This reference architecture will help you plan large-scale Docker Enterprise deployments. It covers both the core Docker Enterprise platform, Mirantis Kubernetes Engine, and Mirantis Secure Registry. Use this guide to help size hardware and infrastructure for your Docker Enterprise deployments and to determine optimal configuration for your specific workloads.
For Docker Enterprise, Mirantis Kubernetes Engine, and Mirantis Secure Registry, the guide covers:
This section covers configuration of the base Docker Enterprise platform and Mirantis Kubernetes Engine for optimal performance and growth potential.
The recommended number of managers for a production cluster is 3 or 5. A 3-manager cluster can tolerate the loss of one manager, and a 5-manager cluster can tolerate two instantaneous manager failures. Clusters with more managers can tolerate more manager failures, but adding more managers also increases the overhead of maintaining and committing cluster state in the Docker Swarm Raft quorum. In some circumstances, clusters with more managers (for example 5 or 7) may be slower (in terms of cluster-update latency and throughput) than a cluster with 3 managers and otherwise similar specs.

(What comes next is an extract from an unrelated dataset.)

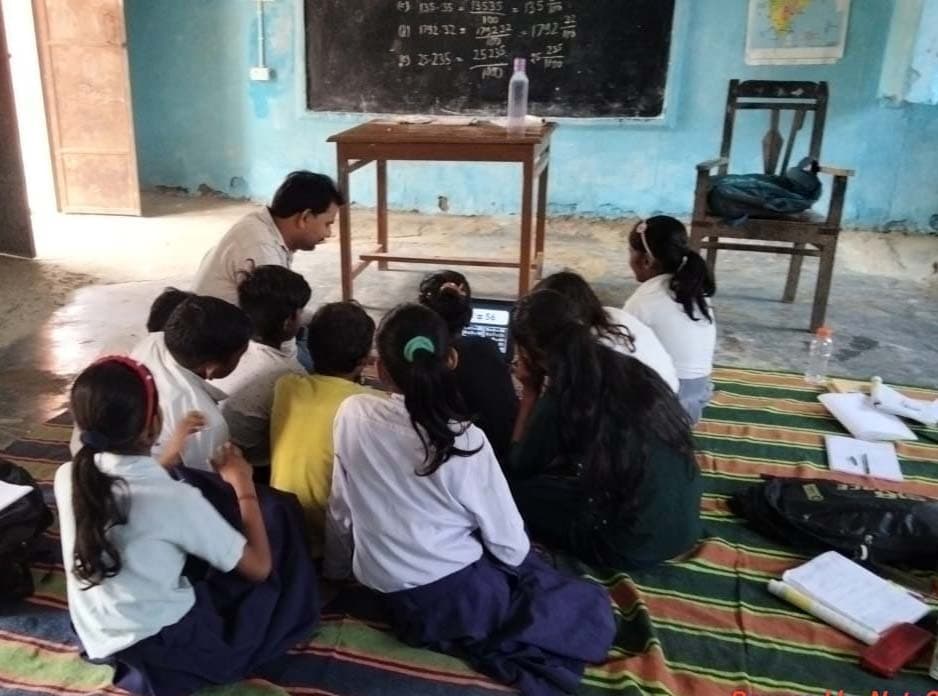 मध्य विद्यालय डुमरा में बुनियादी सुविधाओं का घोर अभाव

In general, increasing the manager count does not make cluster operations faster (it may make them slower in some circumstances), does not increase the max cluster update operation throughput, and does not increase the total number of worker nodes that the cluster can manage.

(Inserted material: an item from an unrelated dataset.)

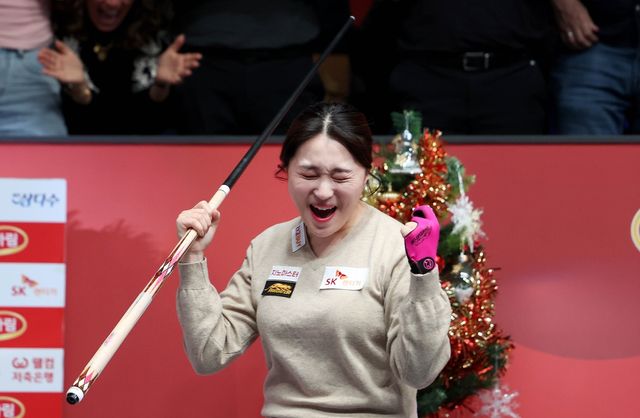 행운의 우승을 결정한 순간 환호한 강지은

Even when managers are down and there’s no quorum, services and tasks on the cluster keep running and are steady-state stable (although updating cluster state is not possible without quorum). For that reason, Docker recommends investing in quickly recovering from individual manager failures (e.g. automation/scripts for quickly adding replacement managers) rather than planning clusters with a large number of managers.

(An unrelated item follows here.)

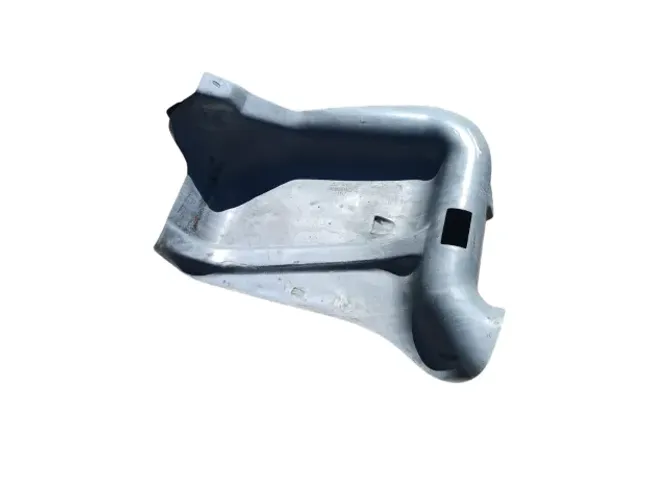 Chapa defletora do tanque de combustível Ford Escort Zetec SW/Wagon 97-02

1-manager clusters should only be used for testing and experimentation since loss of the manager will cause cluster loss.
See also
Check out the documentation on how manager and worker nodes work.
Managers in a production cluster should ideally have at least 16GB of RAM and 4 vCPUs. Testing done by Docker has shown that managers with 16GB RAM are not memory constrained, even in clusters with 100s of workers and many services, networks, and other metadata.
Managers in production clusters should always use SSDs for the
/var/lib/docker/swarm
mount point. Docker stores swarm cluster state
in this directory and will read and write many small updates as cluster
state is updated. SSDs ensure that updates can be committed with minimal
latency. SSDs are also recommended for clusters used for test and
experimentation to ensure good performance.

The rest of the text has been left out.